I almost always go out between Goldenwest and 8th st regardless of conditions even though I live about a 1/2 mile north from Superior and PCH. When I do brave newport, its always north of 56th. My last memorable time surfing the middle there between RJs and 56th I got up before the sun to try and get a few with minimum people out. From suiting up it looked pretty empty, maybe 5-6 guys out in a 75 yrd stretch. As I got to the water I looked south about two towers and saw a literal mob (apparently the entire NHHS surf team) start running in my direction. It was like some scene from Braveheart, no joke. Within 5 minutes of paddling out solo I found myself in a kind of rude pack of 30 (admittedly pretty good) longboarders/funboarders/and a few Too Cool shredders. The collective look on the face of everyone who had moments ago been silently contemplating the coming dawn and quietly surfing this little peak was a mix between disgust and bewilderment. I just started laughing. Bitterly. I love surfing Newport, but almost always find myself paddling out in Hb. It can be crowded there too, but atleast there is room to breathe. 

Way to go!

What “lame polka dots” I don’t see no lame polka dots!!

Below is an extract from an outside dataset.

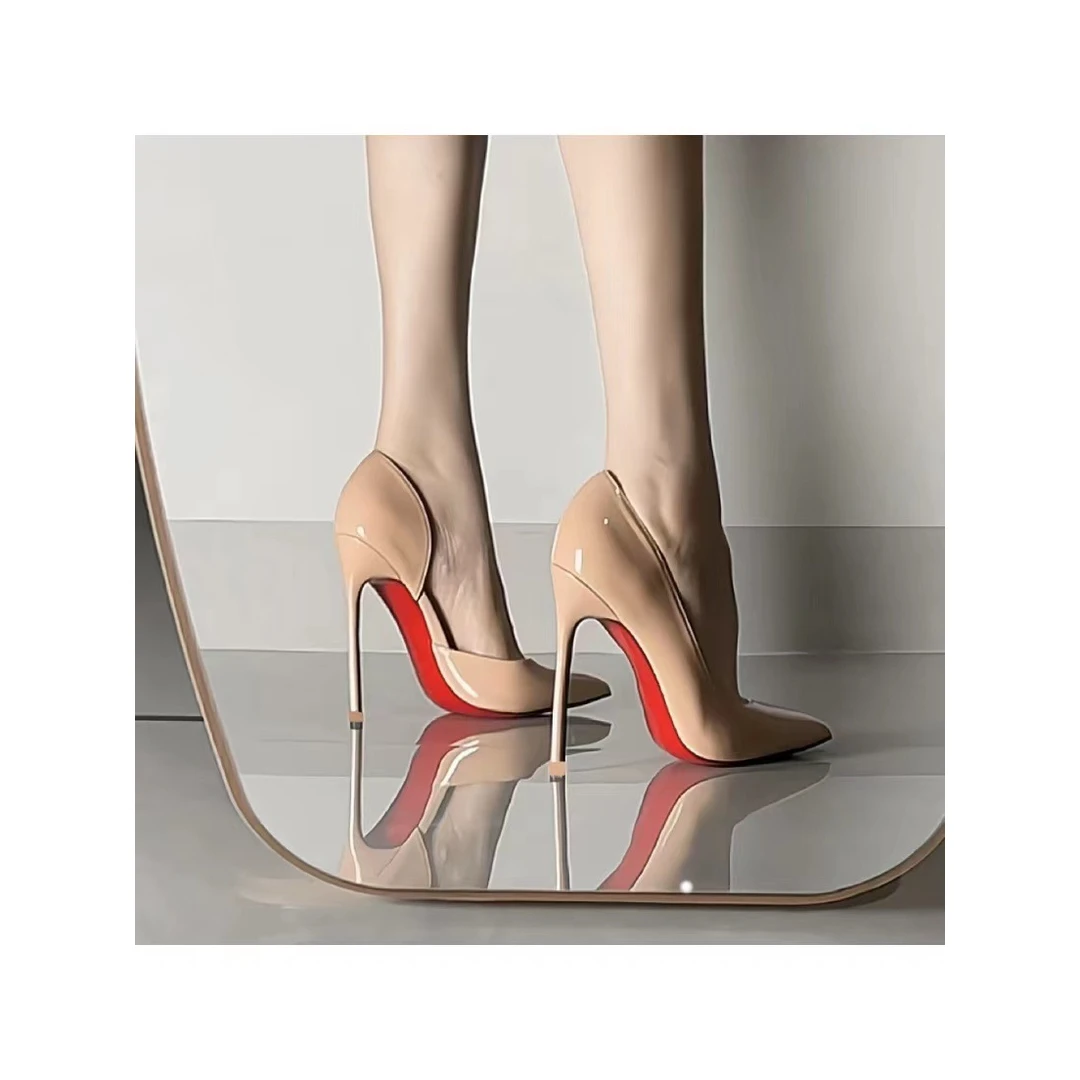C417侧空红底高跟鞋细跟女2024年新款网红小众设计感漆皮床上单鞋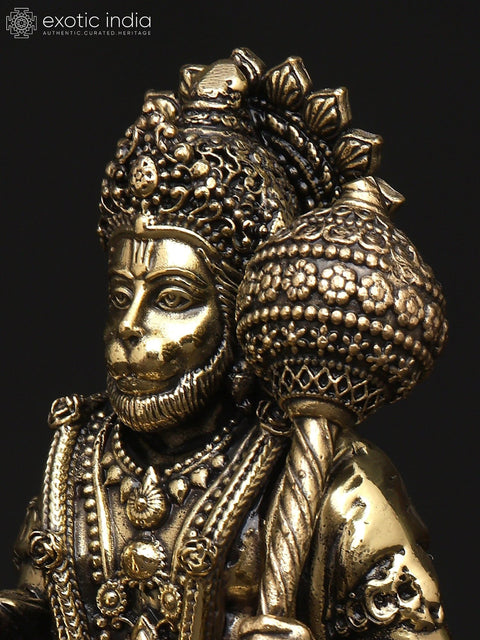 Superfine Sitting Lord Hanuman in Blessing Gesture | Brass Statue in Multiple Sizes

That’s some good stuff right there…you just “hamrock” on brother!

Right on man. I grew up at 34th, so those jettys are my home turf. I stay away from 54tj though. Not worth it unless a huge south hits and keeps the kidos out. I’ve never been a huge fan of Huntington, but I work up there now. So I’m usually out around 9th-goldenwest as well. 

 

PM me sometime, I’d love some company in the line up.